> WHAT IS NEEDED
Nothing but the lines from the one that holds "this 852×1083 image." through the end of the material should be repeated, each exactly as it stands, and pictures stay out.

-- INPUT RECORDS follows --

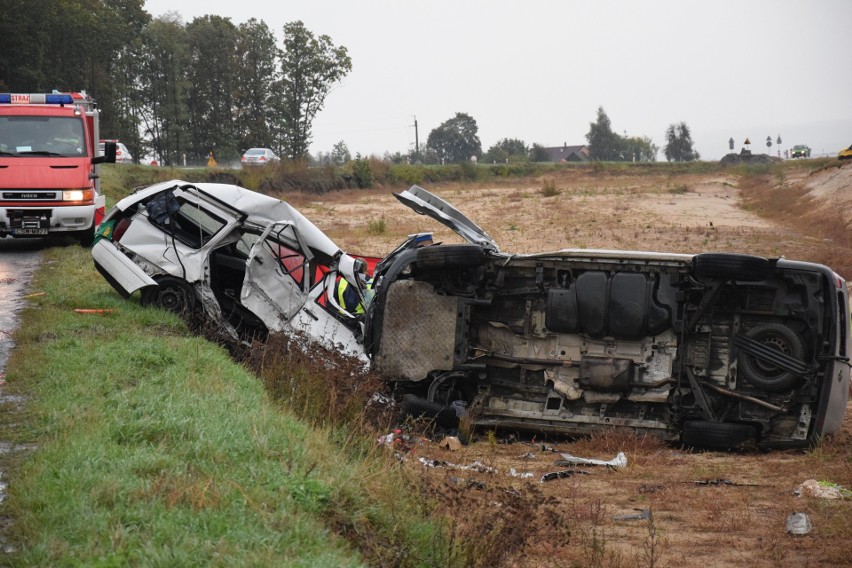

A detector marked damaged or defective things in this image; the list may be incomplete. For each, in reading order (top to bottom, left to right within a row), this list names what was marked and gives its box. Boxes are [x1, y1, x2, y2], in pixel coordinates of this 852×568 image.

detached car door [240, 221, 312, 330]
overturned vehicle [95, 182, 852, 448]
destroyed white car [95, 182, 852, 448]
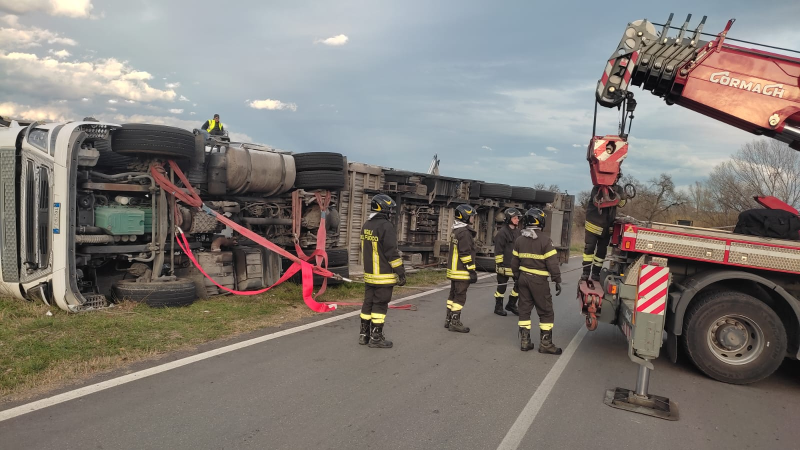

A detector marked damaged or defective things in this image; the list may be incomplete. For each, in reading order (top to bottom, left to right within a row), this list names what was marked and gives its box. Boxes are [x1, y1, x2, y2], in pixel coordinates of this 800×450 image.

overturned truck [0, 118, 572, 312]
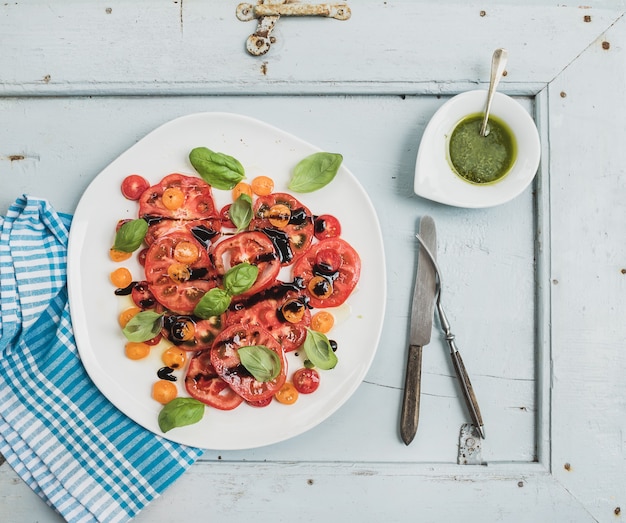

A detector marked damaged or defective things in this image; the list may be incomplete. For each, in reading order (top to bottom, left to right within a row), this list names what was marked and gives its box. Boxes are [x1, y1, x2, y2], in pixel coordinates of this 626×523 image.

rusty metal latch [235, 1, 352, 56]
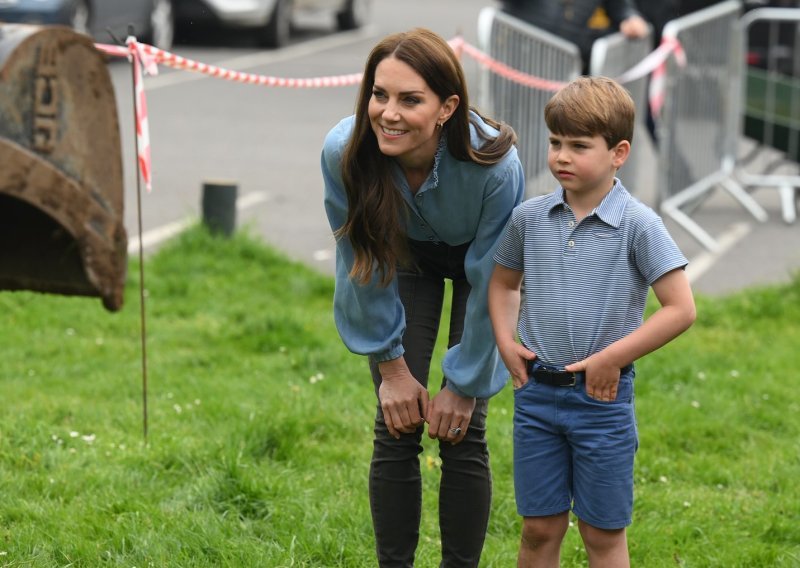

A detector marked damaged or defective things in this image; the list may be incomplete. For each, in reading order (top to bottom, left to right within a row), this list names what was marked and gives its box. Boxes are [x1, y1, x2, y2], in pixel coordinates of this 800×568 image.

rusty metal bucket [0, 23, 126, 310]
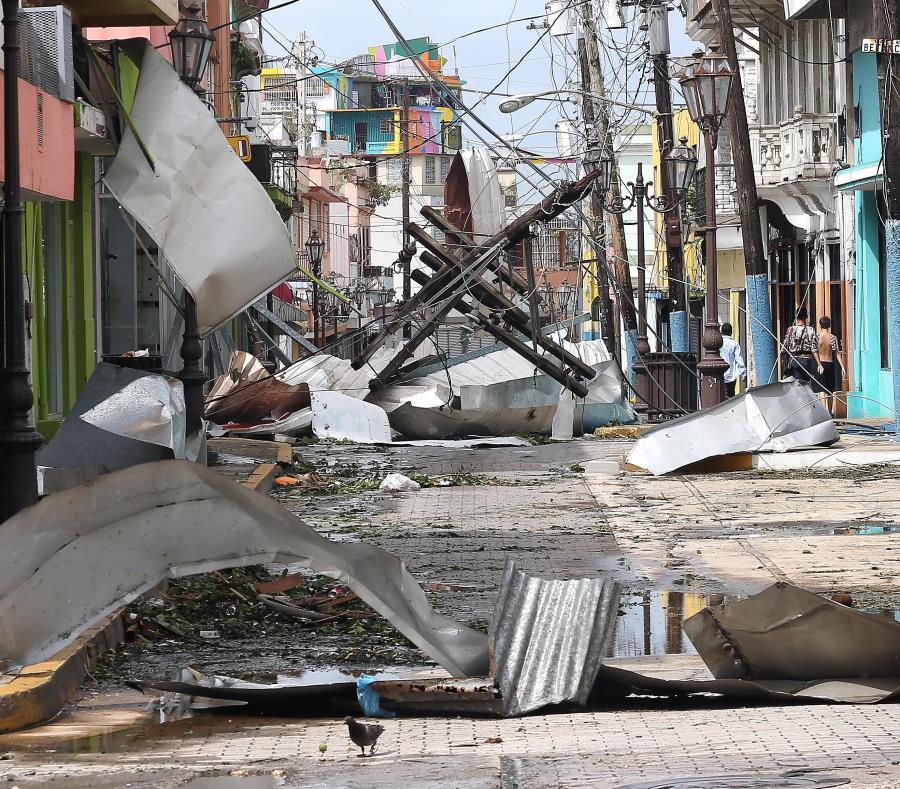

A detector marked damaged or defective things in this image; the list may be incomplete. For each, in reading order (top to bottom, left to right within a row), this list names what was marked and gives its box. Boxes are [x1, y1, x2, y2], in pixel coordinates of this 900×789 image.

crumpled metal roofing panel [488, 560, 624, 716]
rusty metal sheet [488, 560, 624, 716]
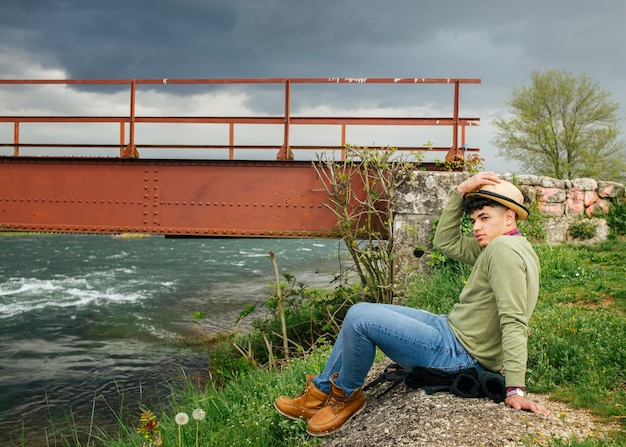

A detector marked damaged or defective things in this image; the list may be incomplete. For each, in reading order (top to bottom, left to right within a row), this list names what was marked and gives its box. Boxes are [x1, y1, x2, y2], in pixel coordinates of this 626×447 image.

rusty metal bridge [1, 77, 478, 238]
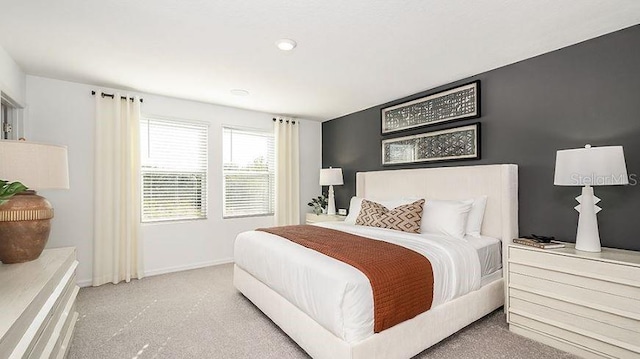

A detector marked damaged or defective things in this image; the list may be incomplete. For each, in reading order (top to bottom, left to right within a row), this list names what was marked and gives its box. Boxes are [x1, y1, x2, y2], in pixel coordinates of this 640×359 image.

rust throw blanket [256, 226, 436, 334]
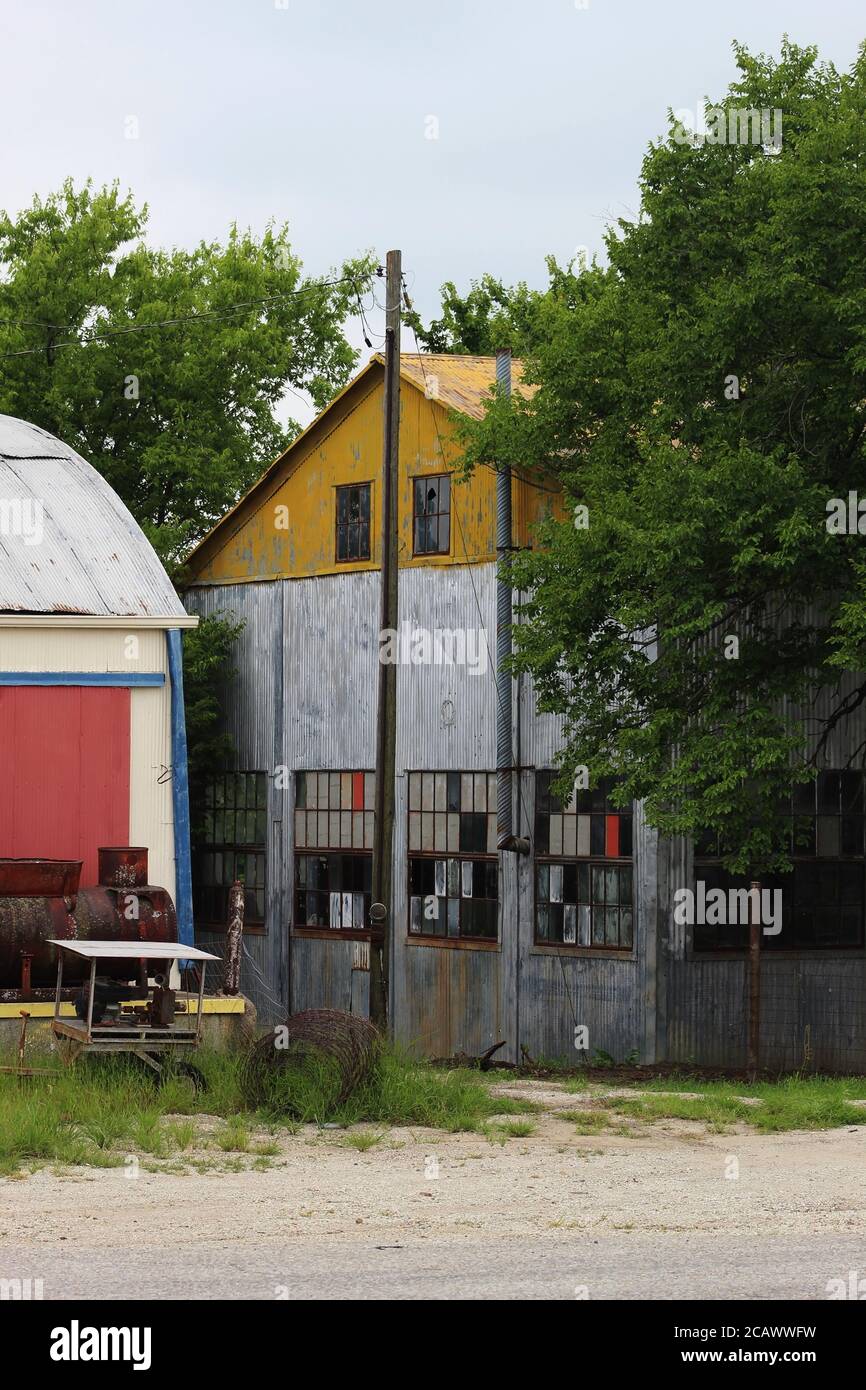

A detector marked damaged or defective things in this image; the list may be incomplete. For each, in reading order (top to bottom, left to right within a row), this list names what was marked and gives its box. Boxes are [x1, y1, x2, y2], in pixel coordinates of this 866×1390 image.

broken window [332, 482, 370, 564]
broken window [414, 476, 452, 556]
rusted machinery [0, 844, 176, 996]
broken window [193, 776, 266, 928]
broken window [294, 772, 374, 936]
broken window [406, 776, 496, 940]
broken window [528, 768, 632, 952]
broken window [688, 772, 864, 956]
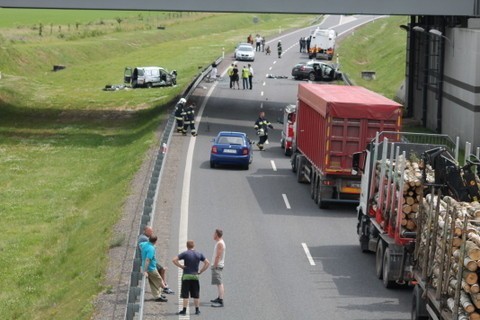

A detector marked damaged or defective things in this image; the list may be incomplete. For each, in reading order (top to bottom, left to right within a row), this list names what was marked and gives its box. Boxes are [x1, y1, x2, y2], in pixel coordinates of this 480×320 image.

overturned white van [124, 66, 176, 88]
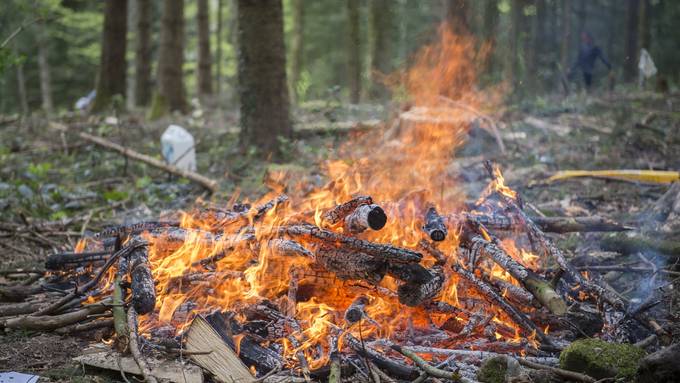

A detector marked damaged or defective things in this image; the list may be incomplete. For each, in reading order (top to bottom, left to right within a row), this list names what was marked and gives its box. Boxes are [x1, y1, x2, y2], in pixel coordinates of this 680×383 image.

partially burned stick [322, 195, 374, 225]
partially burned stick [346, 204, 388, 234]
partially burned stick [422, 207, 448, 240]
partially burned stick [280, 224, 420, 266]
partially burned stick [128, 246, 156, 316]
partially burned stick [452, 262, 552, 346]
partially burned stick [127, 308, 159, 383]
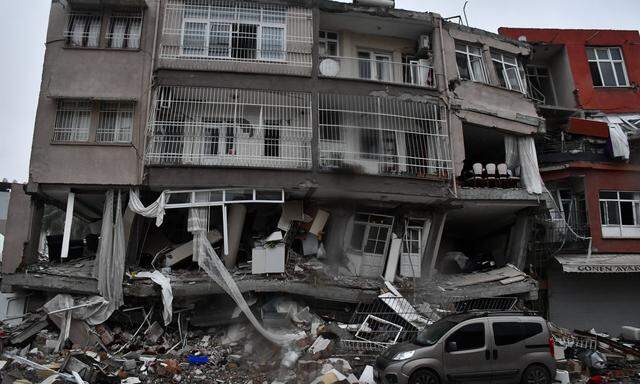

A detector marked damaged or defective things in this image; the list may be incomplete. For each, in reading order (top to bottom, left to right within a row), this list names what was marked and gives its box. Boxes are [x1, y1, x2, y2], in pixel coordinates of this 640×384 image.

broken window [65, 13, 101, 47]
broken window [106, 12, 142, 48]
broken window [320, 30, 340, 56]
broken window [452, 42, 488, 83]
broken window [490, 51, 524, 93]
broken window [53, 100, 93, 142]
broken window [95, 101, 133, 143]
damaged apartment building [1, 0, 552, 328]
broken window [600, 190, 640, 237]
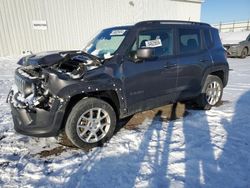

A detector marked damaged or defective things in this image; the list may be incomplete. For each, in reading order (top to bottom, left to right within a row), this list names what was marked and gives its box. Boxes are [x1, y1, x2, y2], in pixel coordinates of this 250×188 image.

broken front bumper [7, 89, 66, 137]
damaged fender liner [9, 97, 65, 136]
damaged front end [7, 51, 101, 137]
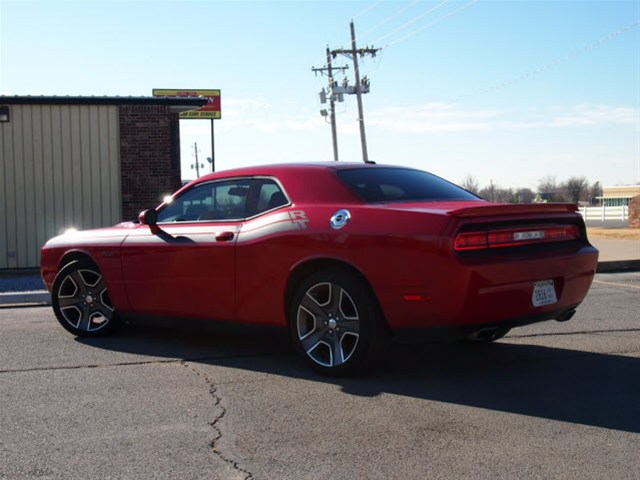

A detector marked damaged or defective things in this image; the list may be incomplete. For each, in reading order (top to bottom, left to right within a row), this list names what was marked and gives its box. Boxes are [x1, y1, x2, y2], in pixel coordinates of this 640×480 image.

pavement crack [184, 362, 254, 478]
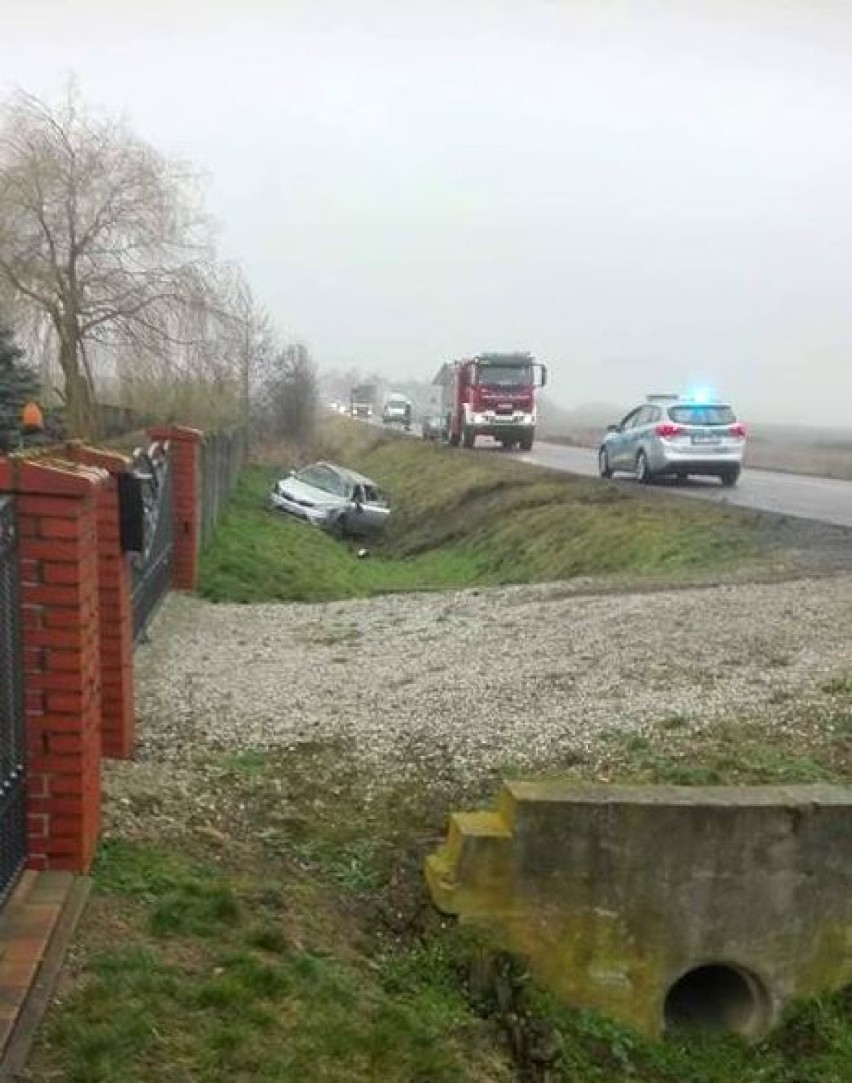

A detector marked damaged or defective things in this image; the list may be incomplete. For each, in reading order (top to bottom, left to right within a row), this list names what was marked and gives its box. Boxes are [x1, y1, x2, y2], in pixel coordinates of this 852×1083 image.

damaged car [268, 461, 391, 537]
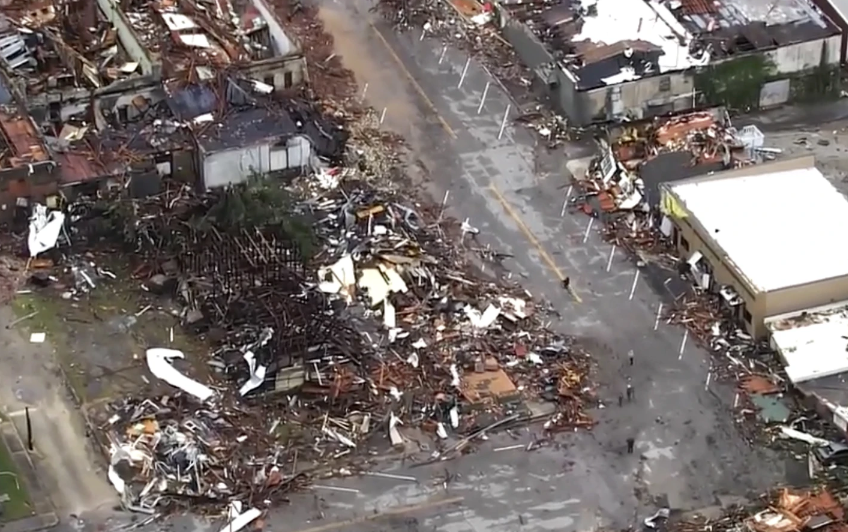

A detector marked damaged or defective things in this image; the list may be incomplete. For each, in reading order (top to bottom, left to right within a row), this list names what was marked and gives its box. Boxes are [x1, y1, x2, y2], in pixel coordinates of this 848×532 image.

damaged roof [506, 0, 840, 89]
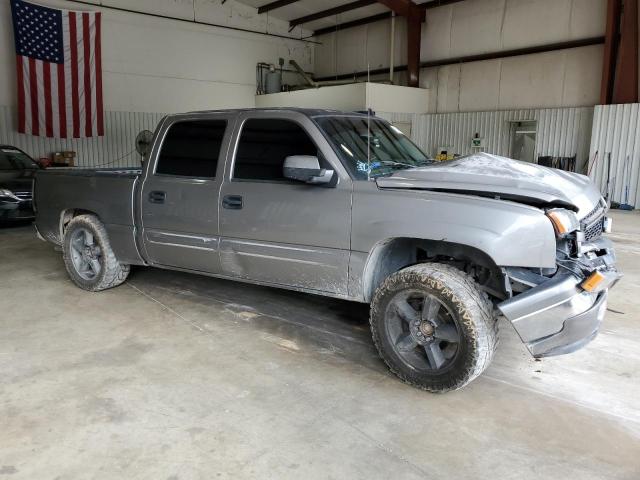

-- INPUT RECORDS concluded --

> RESULT
A detector marked damaged or defective things in this image; the list may be incomplete. For each, in reading order (top to bottom, left to right within a row), this list names what was marked and gives its box. Boxes are [x1, y1, x2, y2], in pixel coordinates of this 852×1083 image.

damaged car [268, 461, 391, 537]

A detector marked damaged or defective things in this image; the list may be incomplete. For each, in reading order (top to bottom, left to right within a row), this list names what was marked and gives its box. Boxes are [x1, y1, x2, y2], in pixel coordinates of this 848×532 image.

damaged roof [506, 0, 840, 89]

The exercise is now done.